Training deep control policies for the real world


By , PhD Student, CMU , Research Software Development Engineer, Business AI , Senior Researcher , Associate Research Professor, CMU , General Manager, Autonomous Systems and Robotics Group

drone image

Humans subconsciously use perception-action loops to do just about everything, from walking down a crowded sidewalk to scoring a goal in a community soccer league. Perception-action loops—using sensory input to decide on appropriate action in a continuous real time loop —are at the heart of autonomous systems. Although this tech has advanced dramatically in the ability to use sensors and cameras to reason about control actions, the current generation of autonomous systems are still nowhere near human skill in making those decisions directly from visual data. Here, we share how we have built Machine Learning systems that reason out correct actions to take directly from camera images. The system is trained via simulations and learns to independently navigate challenging environments and conditions in real world, including unseen situations.

Read the Paper                                Download the Code                                Watch the Video

Spotlight: Event

Microsoft at CVPR 2024

Microsoft is a proud sponsor and active participant of CVPR 2024, which focuses on advancements in computer vision and pattern recognition.

We wanted to push current technology to get closer to a human’s ability to interpret environmental cues, adapt to difficult conditions and operate autonomously. For example, in First Person View (FPV) drone racing, expert pilots can plan and control a quadrotor with high agility using a noisy monocular camera feed, without compromising safety. We were interested in exploring the question of what it would take to build autonomous systems that achieve similar performance levels. We trained deep neural nets on simulated data and deployed the learned models in real-world environments. Our framework explicitly separates the perception components (making sense of what you see) from the control policy (deciding what to do based on what you see). This two-stage approach helps researchers interpret and debug the deep neural models, which is hard to do with full end-to-end learning.

The ability to efficiently solve such perception-action loops with deep neural networks can have significant impact on real-world systems. Examples include our collaboration with researchers at Carnegie Mellon University and Oregon State University, collectively named Team Explorer, on the DARPA Subterranean (SubT) Challenge. The DARPA challenge centers on assisting first responders and those who lead search and rescue missions, especially in hazardous physical environments, to more quickly identify people in need of help.

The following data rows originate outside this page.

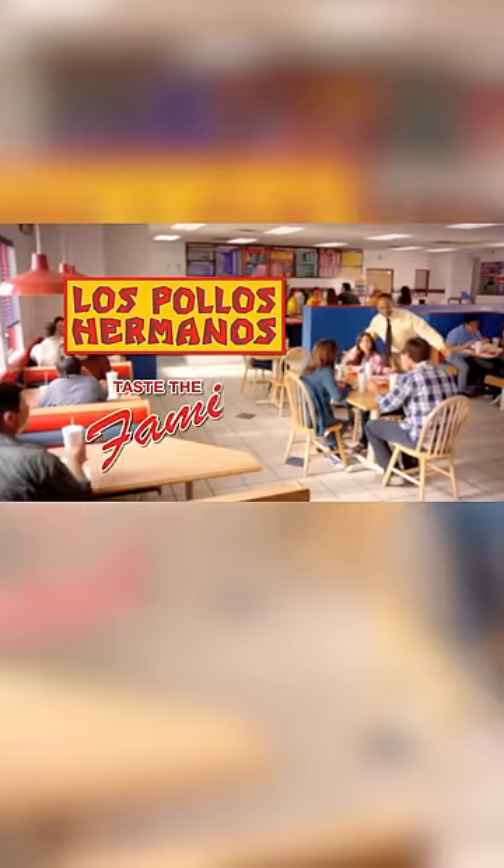I also finally finished Better Call Saul. It was a sad ending — it was a good show — but I think it's about time we see a prequel to Gus's story. We need to know how he came up with this fried chicken recipe.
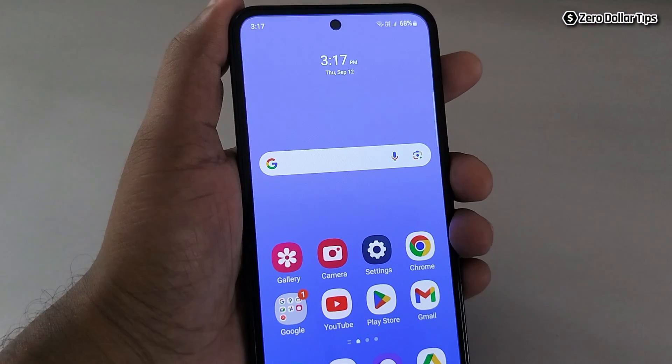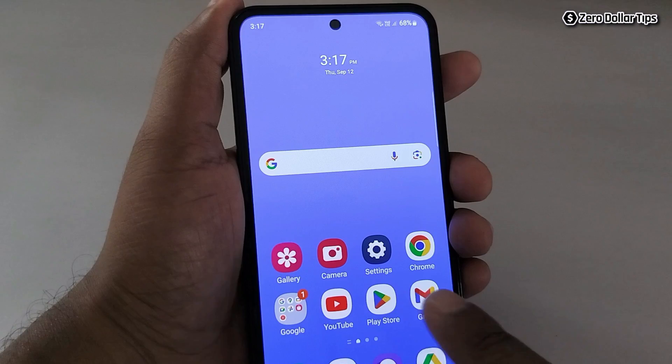Hi guys, if your Samsung Galaxy M35 phone speaker is not working properly and you are unable to hear any sound while playing anything or while calling someone, let's see how to fix this problem.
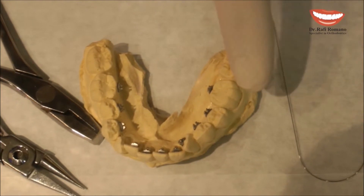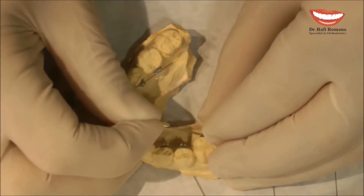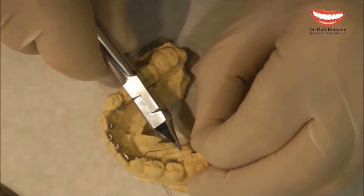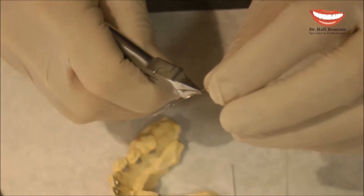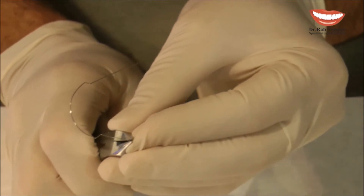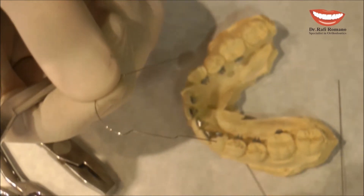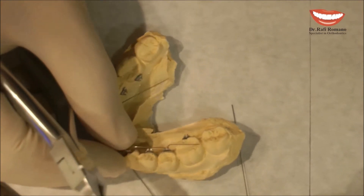I can also add another band. For example, on the left side you can see that the molar is much wider than the premolar. Remember that we are discussing passive bands, which are designed to fit the wire to the shape of the arch, so I can add one more band between the premolar and the molar on both sides.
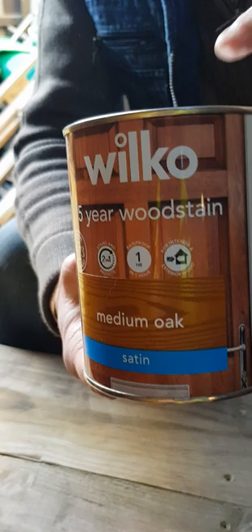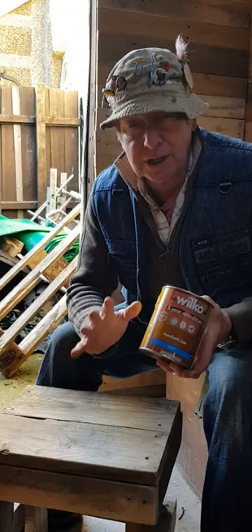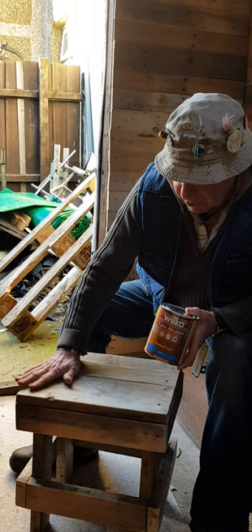This is really good staining paint and it'll give it the real look. It's going to be a medium oak, and then once that's done I shall give it a couple of coats of varnish, so when I get my friends and customers around the London Tavern we will be able to have a couple of stools and a chair.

The video above shows the DARPA Subterranean Challenge, one of the ways Microsoft is advancing state of art in the area of autonomous systems by supporting research focused on solving real-world challenges. Learn more about Microsoft Autonomous systems.

Team Explorer has participated in the first two circuits of the challenge, taking second place in the February, 2020 Urban Circuit and first place in the September, 2019 Tunnel Circuit. In the Tunnel Circuit, the robots navigated underground tunnels for an hour at a time to successfully locate hidden items. In the Urban Circuit, they navigated two courses designed to represent complex urban underground infrastructure, including stairs and elevation changes. Reasoning correct control actions based on perception sensors is a critical component to success of the mission. The current methods used by Team Explorer include carefully engineered modules, such as localization, mapping and planning, which were then carefully orchestrated to carry out the mission. Here, we share how an approach of learning to map perception data to correct control actions can simplify the system further.

sim photo

Figure 1. Our framework uses simulation to learn a low-dimensional state representation using multiple data modalities. This latent vector is used to learn a control policy which directly transfers to real-world environments. We successfully deploy the system under various track shapes and weather conditions, ranging from sunny days to strong snow and wind.

The Task

In first person view (FPV) drone racing, expert pilots can plan and control a quadrotor with high agility using a noisy monocular camera feed, without compromising safety. We attempted to mimic this ability with our framework, and tested it with an autonomous drone on a racing task.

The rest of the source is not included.